Interobserver measurement variability

Interobserver measurement variability for the 9 TDI variables tested was always very low or low. The CV were as follows: <5% for pMV Sa, sMV Sa, sMV aʹ, and all of the TV TDI variables (TV Sa, TV eʹ, and TV aʹ) and between 5 and 15% for pMV eʹ, pMV aʹ, and sMV eʹ.

Discussion

We evaluated different echocardiographic systolic and diastolic parameters from both ventricles in dogs with MMVD at different stages of disease, with or without PH. The major findings include: the absence of statistical difference among MMVD classes and PH groups regarding RV systo‐diastolic function; the linear correlation between the analyzed echocardiographic parameters of LV and RV function; the direct correlation between some diastolic parameters of the LV (specifically the MV E/eʹ ratio), and the calculated RV‐to‐RA systolic pressure gradient.

Regarding the morphological variables of the left heart, our results are similar to those previously reported.5, 6 The degree of LA dilatation increased with progression of the disease as expected because of the progression of MMVD and myocardial remodeling.5, 6

Regarding MV annulus TDI parameters, our findings are similar to previous observations reported in a similar cohort of dogs.29 In particular, a progressive increase in MV eʹ peak velocity with the progression of disease and an increase in MV eʹ/aʹ ratio were found in the dogs of our study. The change in these diastolic parameters can be a consequence of the hyperkinetic LV that occurs secondary to mitral regurgitation, with subsequent enhanced relaxation properties and improvement in overall diastolic ventricular function.30

Pulmonary hypertension might affect RV performance by increasing wall stress and decreasing systolic function.7, 10 However, no statistical difference was found among groups regarding RV echo‐Doppler and TDI parameters. Decreased tricuspid annular Sa wave velocity and decreased e/a ratio have been reported previously.7 This discrepancy can be explained by the different technique employed to measure cardiac tissue velocity,21 color‐coded TDI and PW‐TDI in the previous study and our study, respectively.
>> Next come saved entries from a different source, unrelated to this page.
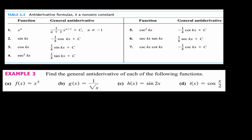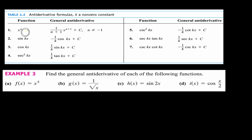Table 4.2 is a very important table of antiderivative formulas, where k is any non-zero constant — basically the coefficient of x in the argument of the trig functions. If this is the given little f function, this is the antiderivative. If I have x to the n, the antiderivative is x to the n plus 1 divided by n plus 1, plus the arbitrary constant, provided n is not equal to negative 1.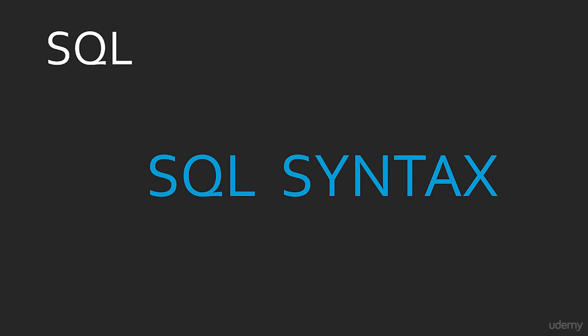So before getting started, I wanted to get you familiar with the syntax that makes up a SQL statement.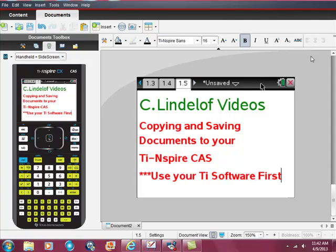This video covers copying and saving documents to your TI Inspire CAS. Here's a starting point because I'm getting a lot of questions from people in the comments. You have to start from your TI software — you have to start in the software.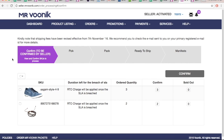The Confirm tab is provided to confirm your ability to fulfill the requested order. If you have all the SKUs ordered available with you, select this drop-down button and click 'All in Page'.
Right ventricular systolic dysfunction has been identified in dogs with PH of different origin by measuring the tricuspid annular plane systolic excursion (TAPSE).10 This parameter of longitudinal RV contractility has been found to correlate with RV ejection fraction and to predict survival with good accuracy in human patients with PH.31, 32 Conversely, no significant correlation between TAPSE and PH severity was found in dogs with MMVD,33 but neither TAPSE nor other echocardiographic indicators of RV systolic function (e.g., the isovolumic contraction time at TDI of the TV)31 were measured in dogs of our study. In humans with advanced left heart failure caused by ischemic myocardial disease, dilated cardiomyopathy, or valvular regurgitation, RV dysfunction usually is present and represents an important prognostic criterion to stratify patients.12, 13, 34, 35 The severely decreased LV systolic function found in human patients with left‐sided cardiac disorders likely is responsible for the decreased contractile properties of the interventricular septum, which directly affect the RV function and lead to biventricular failure.15, 16 Results of our study suggest the absence of significant right heart dysfunction even in the advanced stages of MMVD in dogs. A certain degree of RV abnormality could have been detected by evaluating other echocardiographic parameters of myocardial function, such as TAPSE, strain, and strain rate, or using magnetic resonance imaging.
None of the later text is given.